* **Available data**:

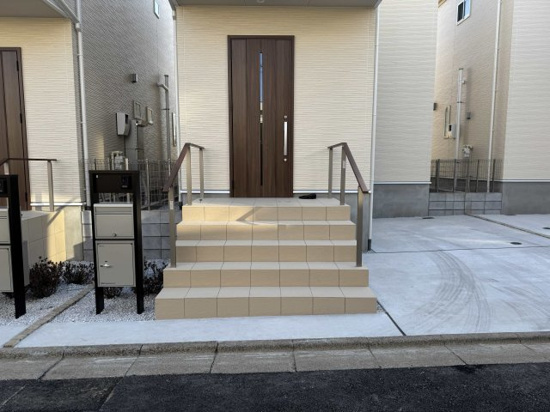 大泉学園駅　新築戸建　3LDKのエントランス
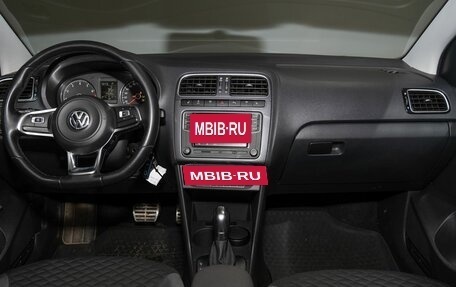 Volkswagen Polo VI (EU Market), 2018 год, 1 525 000 рублей, 7 фотография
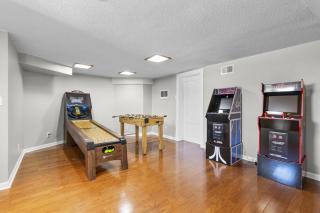 Pet-friendly 4 BD Historic Charmer at Marion Uptown - Marion - 3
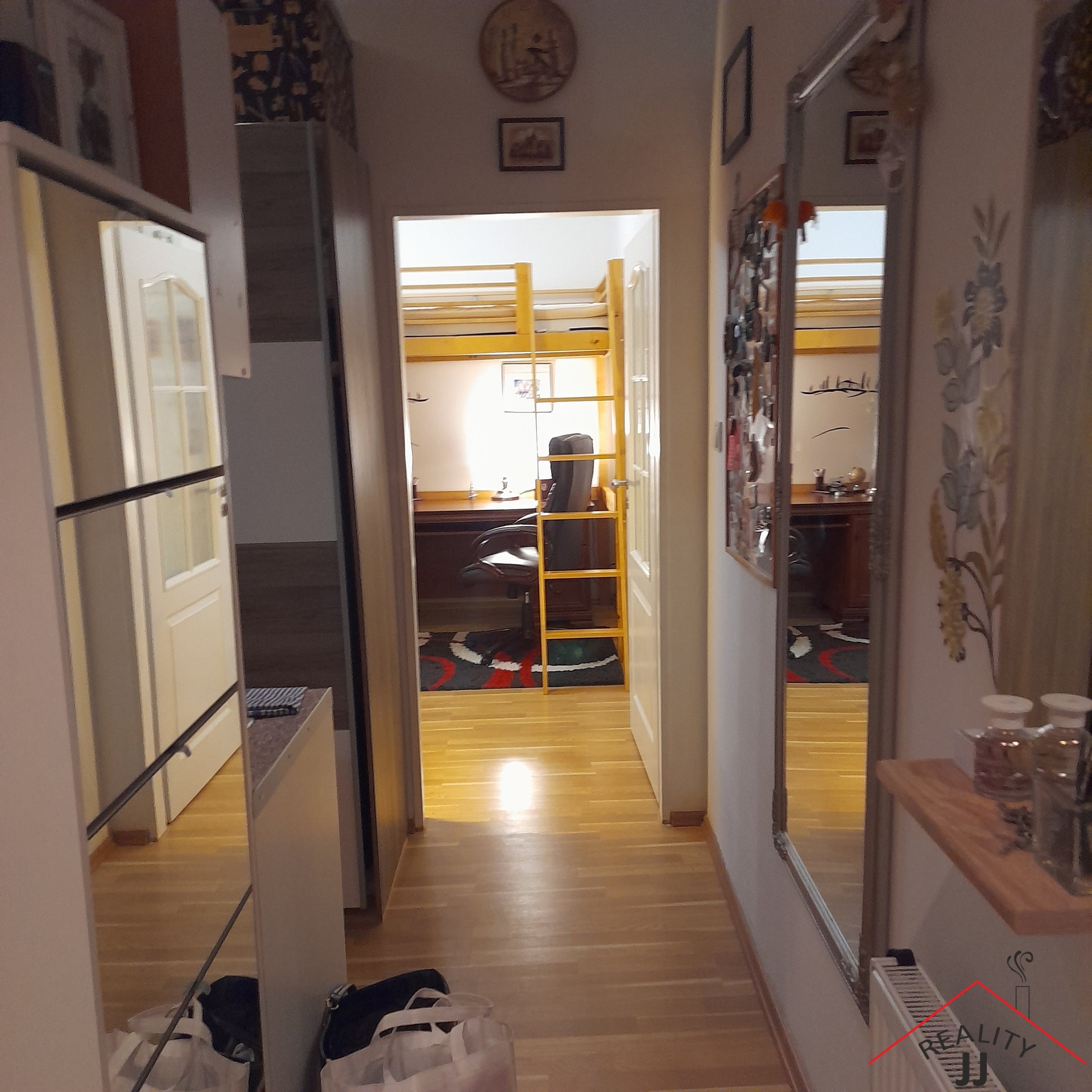 pohled na byt od vstupních dveří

* **Exercise details**:
Leave the pictures out and return the rest of the material exactly.

* **Written answer**:
 大泉学園駅　新築戸建　3LDKのエントランス
 Volkswagen Polo VI (EU Market), 2018 год, 1 525 000 рублей, 7 фотография
 Pet-friendly 4 BD Historic Charmer at Marion Uptown - Marion - 3
 pohled na byt od vstupních dveří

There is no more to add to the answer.